Genre lain yang selalu ada dalam semua
kebudayaan adalah mantra, yang di Indonesia dimiliki oleh semua suku bangsa.
Mantra adalah genre tradisi lisan yang bisa dipergunakan sebagai wahana untuk
mencapai berbagai jenis maksud dan tujuan. Setiap masyarakat menciptakan mantra
untuk memenuhi kebutuhan hidupnya. Dalam sastra bandingan, mantra merupakan
sumber penelitian yang sangat subur sebab genre itu kedapatan di manapun dan
kapanpun, tidak hanya di Indonesia dan tidak hanya dalam tradisi lisan.
Bentuk lain yang juga menarik untuk
dibandingkan adalah pantun. Di Jawa, pantun disebut parikan. Kalau di kebudayaan Melayu, pantun bisa dipergunakan
sebagai bentuk sastra yang “resmi” dalam berbagai kegiatan sosial. Di Jawa, parikan umumnya dikenal sebagai bentuk
untuk menyampaikan hal-hal yang lebih cenderung ke hiburan dan bukan dakwah.
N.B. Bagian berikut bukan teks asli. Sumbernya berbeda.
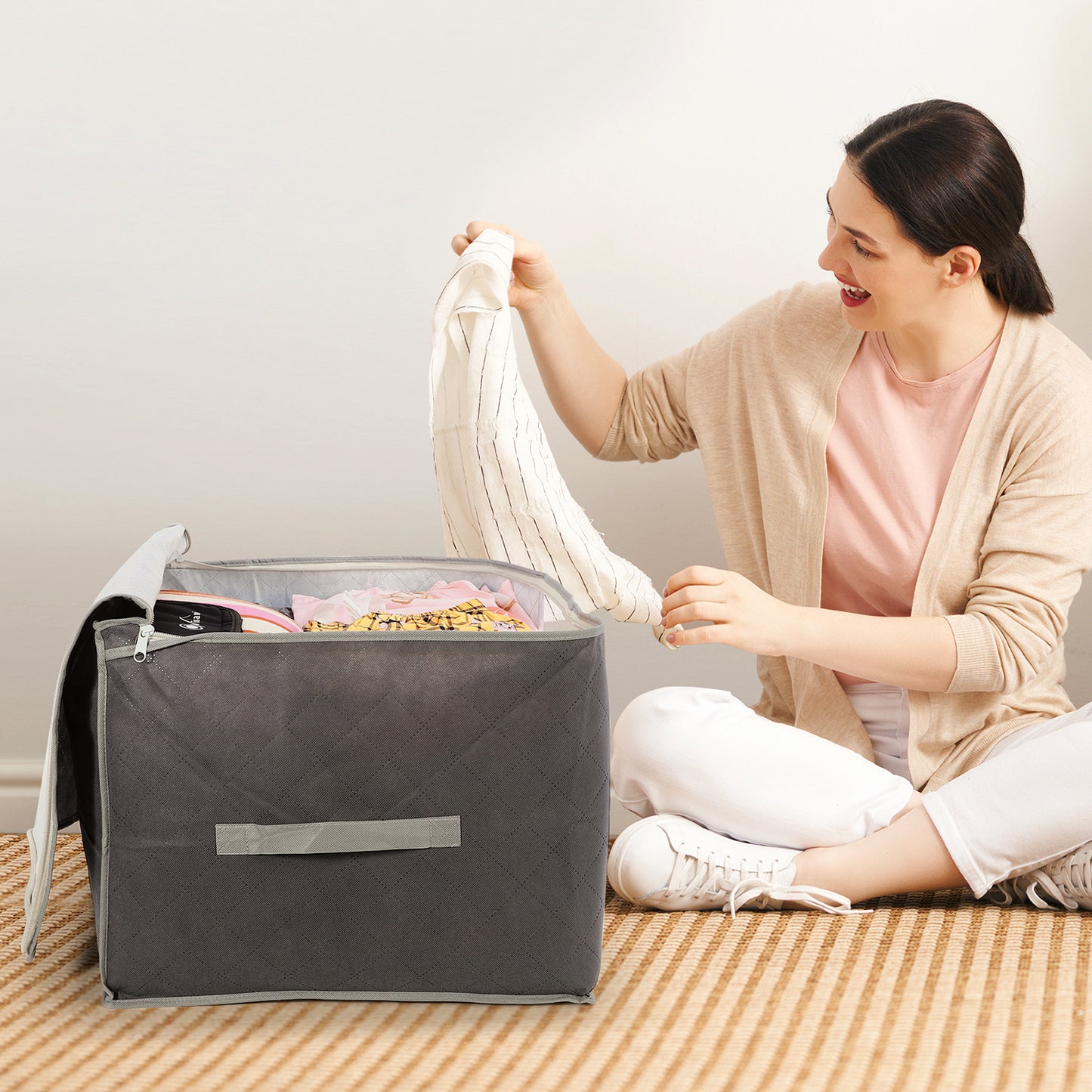 Vinsani 3pcs Deluxe Clothes Storage Bags Organizer Large Capacity Double Zipper, Moisture-Proof Big Clear Windows Perfect Space for Clothes, Beddings, Blankets and Duvet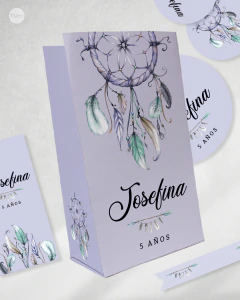 Kit imprimible boho lila acuarela tukit - comprar online
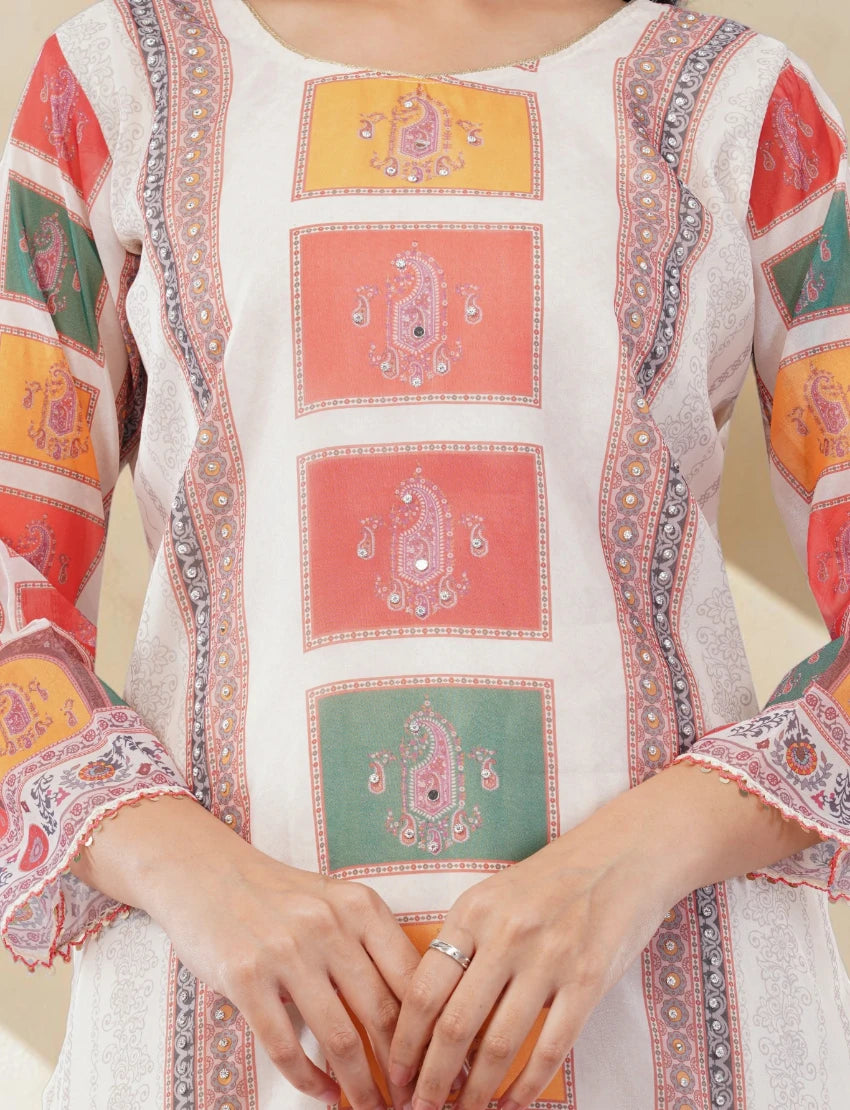 CORAL AND YELLOW BLOCK PATTERN PRINTED SUIT SET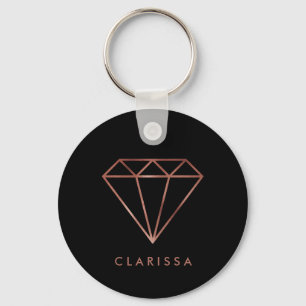 elegant modern clear rose gold diamond black key ring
Dalam tradisi pantun Melayu, kita mengenal pantun agama, pantun adat, pantun
orang tua yang khusus dipergunakan sebagai saran untuk mendidik masyarakat. Parikan di Jawa antara lain dipergunakan
dalam teater tradisional, seperti ludruk, umumnya mengandung ungkapan ringan
yang berfungsi sebagai hiburan.
Penelitian mengenai genre bisa bertumpang
tindih dengan penelitian mengenai pengaruh yang dalam artinya yang luas
mencakup juga perubahan bentuk, saduran, dan terjemahan. Ikram menunjukkan
bahwa cerita Amir Hamzah dalam bahasa aslinya, yakni bahasa Arab telah
mengalami perubahan bentuk yang sangat jauh dalam sastra-satra Bugis, Sasak,
Melayu, dan Jawa.
Studi mengenai tema dan mitos bisa erat sekali
katannya. Contoh penting yang harus disebut adalah kisah yang berdasarkan
konsep Kompleks Oedipus. Kisah yang mengungkapkan hubungan asmara antara ibu
dan anak itu mencul dalam banyak kebudayaan, di Indonesia kita bisa menemuinya
dalam kisah Sangkuriang di Sunda dan kisah Prabu Watugunung di Jawa.
Kesusastraan kita telah mengolahnya menjadi suatu hasil budaya yang sama sekali
berbeda dengan yang didapati di dalam kesusastraan Yunani.